Top officials to be held to account for data losses
Officials across the public sector, including permanent secretaries and chief executives of NHS trusts, are to be forced to take data protection “much more seriously” under proposals due to be laid out by Gus O’Donnell, the Cabinet Secretary.
In the coming weeks Mr O’Donnell is expected to present the findings of a report on data security. The report was commissioned by the Prime Minister in the wake of the loss of 25 million child benefit claimant records by the HMRC in November.
The Information Commissioner, Richard Thomas, who has seen a draft of the report, said that the new measures focused on “issues of accountability and governance”, indicating that the heads of departments would be personally responsible in the event of serious data breaches.
“It has to be the likes of chief executives (of NHS trusts) and permanent secretaries who are held accountable when things go wrong,” Mr Thomas told a security conference in London. “They can’t simply make assumptions that everything is in the hands of the ‘techies'”.
Details of the tougher penalties for information losses emerged as the Information Commissioner’s Office said it had received reports of 94 further data breaches – affecting both the public and private sectors – since the HMRC incident.
Nearly a third of the breaches in the public sector, which ranged from “the minor to the very serious”, Mr Thomas said, were in central government, while a fifth affected the NHS. Of the breaches in the private sector, more than 50 per cent were in financial institutions.
The ICO is due to begin using new powers to ‘spot check’ both public and private sector organisations in the event that a data breach is suspected later this year.
“There are going to be new requirements for Whitehall departments and new guidance for the public sector at large,” Mr Thomas said. “It’s not just about data security. We need to ask a whole range of questions, such as why so much information is being collected. Why is it being retained for so long? Why are laptops which hold the information not being encrypted? And why are such laptops being left in the backs of cars?”

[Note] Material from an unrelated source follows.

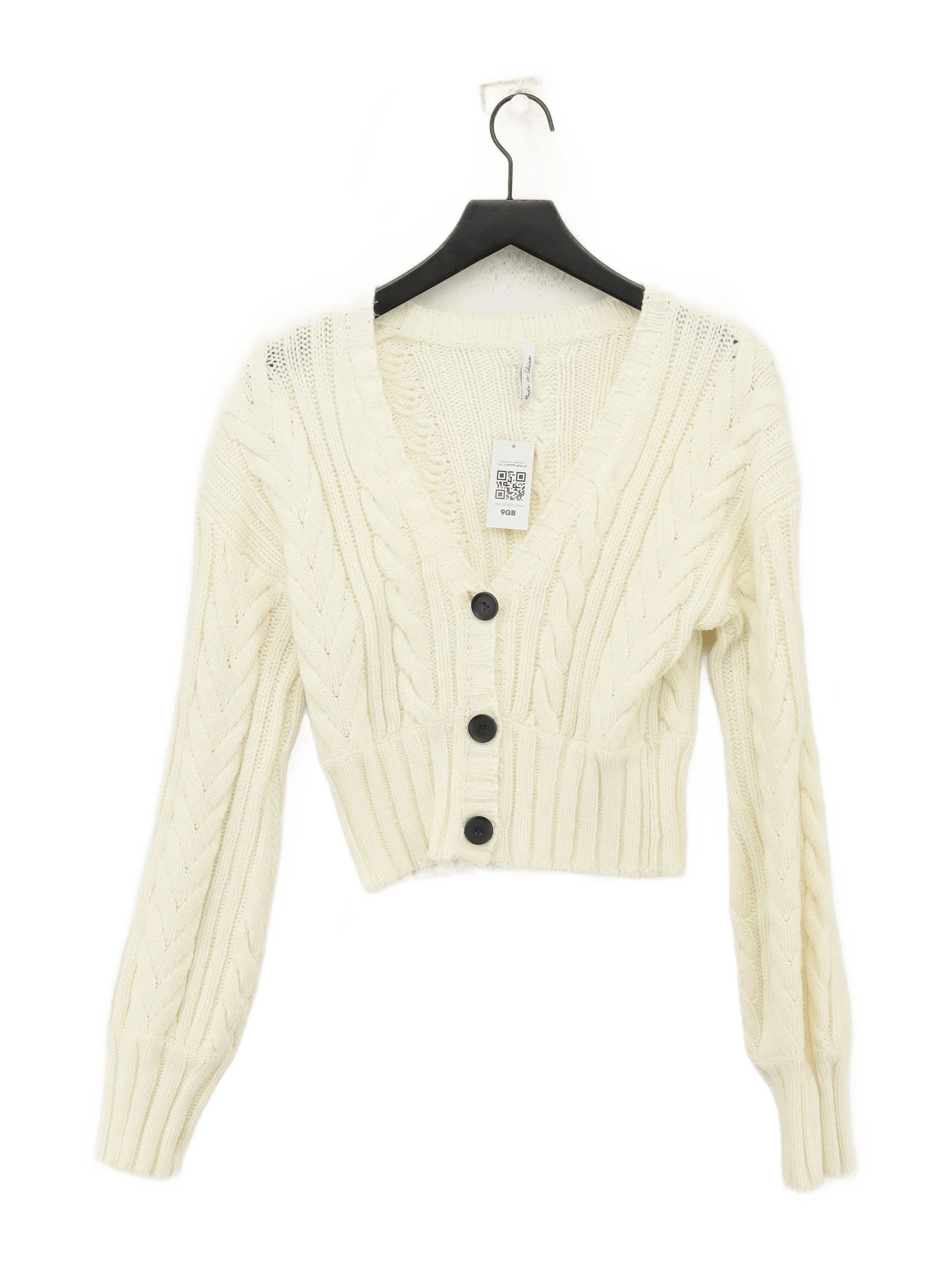 AsYou Women's Cardigan S White 100% Acrylic V-Neck Cardigan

The BERR report, which was produced in conjunction with Price Waterhouse Coopers, the financial services firm, found that two thirds of British companies did nothing to prevent confidential information leaving the company premises on USB sticks and discs, and that four fifths of companies which had had computers stolen did not encrypt their hard discs.
More than half of companies now also allowed their employees to access the company database remotely, the report found, and 13 per cent had detected “unauthorised outsiders” in their networks. Those companies that did allow remote access to their network were more than twice as likely to experience a security incident.
Andrew Beard, an information security director at Price Waterhouse Coopers and co-author of the report, said: “Senior management is now certainly beginning to take security seriously, but the seriousness of breaches is as high as it’s ever been.”
Health Direct thinks that this new spin is akin to shutting the stable door after the horse has bolted.